Thought is the wind, knowledge the sail, and mankind the vessel.
Love, it has been said, flows downward. The love of parents for their children has always been far more powerful than that of children for their parents; and who among the sons of men ever loved God with a thousandth part of the love which God has manifested to us?
The intellect of the wise is like glass; it admits the light of heaven and reflects it.
Truth, when witty, is the wittiest of all things.
Few persons have courage enough to appear as good as they really are.
There is no being eloquent for atheism. In that exhausted receiver the mind cannot use its wings, - the clearest proof that it is out of its element.
The virtue of Paganism was strength: the virtue of Christianity is obedience.

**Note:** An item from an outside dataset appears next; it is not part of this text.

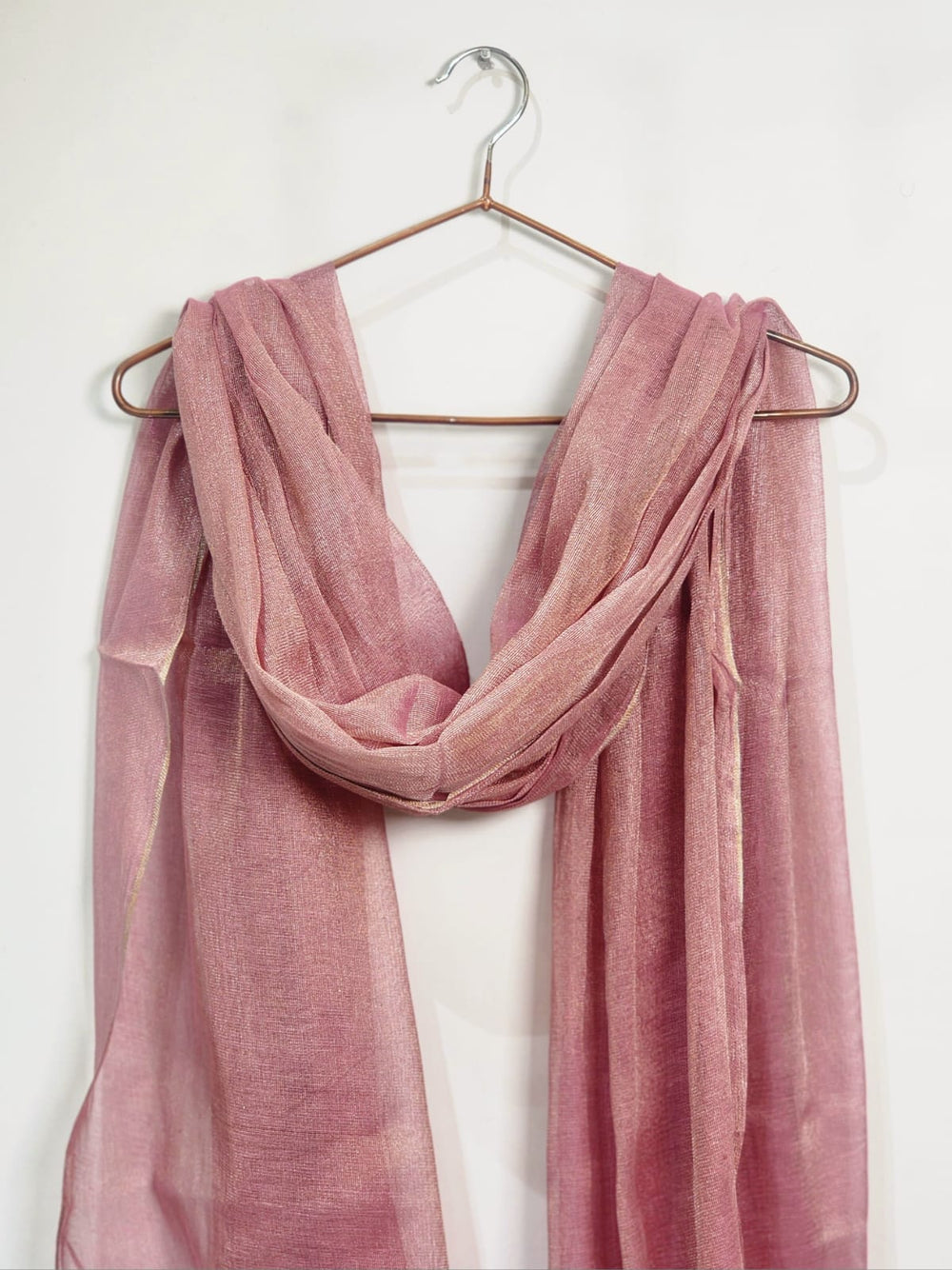 MB-DUPATTA-P-216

A man prone to suspect evil is mostly looking in his neighbor for what he sees in himself.
Crimes sometimes shock us too much; vices almost always too little.
Every Irishman, the saying goes, has a potato in his head.
The greatest truths are the simplest, and so are the greatest men.
Man without religion is the creature of circumstances: Religion is above all circumstances, and will lift him up above them.
The question is not whether a doctrine is beautiful but whether it is true. When we wish to go to a place, we do not ask whether the road leads through a pretty country, but whether it is the right road.
Never put much confidence in such as put no confidence in others.
Some people carry their hearts in their heads; very many carry their heads in their hearts. The difficulty is to keep them apart, yet both actively working together.
Nothing is farther than earth from heaven; nothing is nearer than heaven to earth.
Many are ambitious of saying grand things, that is, of being grandiloquent.
Friendship closes its eye rather than see the moon eclipsed; while malice denies that it is ever at the full.
Reading is to the mind what exercise is to the body. It is wholesome and bracing for the mind to have its faculties kept of the stretch.
A statesman, we are told, should follow public opinion. Doubtless, as a coachman follows his horses; having firm hold on the reins and guiding them.
To Adam Paradise was home. To the good among his descendants home is paradise.
What a person praises is perhaps a surer standard, even than what he condemns, of his own character, information and abilities.
Examples would indeed be excellent things were not people so modest that none will set, and so vain that none will follow them.
Happy the boy whose mother is tired of talking nonsense to him before he is old enough to know the sense of it.
It is well for us that we are born babies in intellect. Could we understand half what mothers say and do to their infants, we should be filled with a conceit of our own importance, which would render us insupportable through life.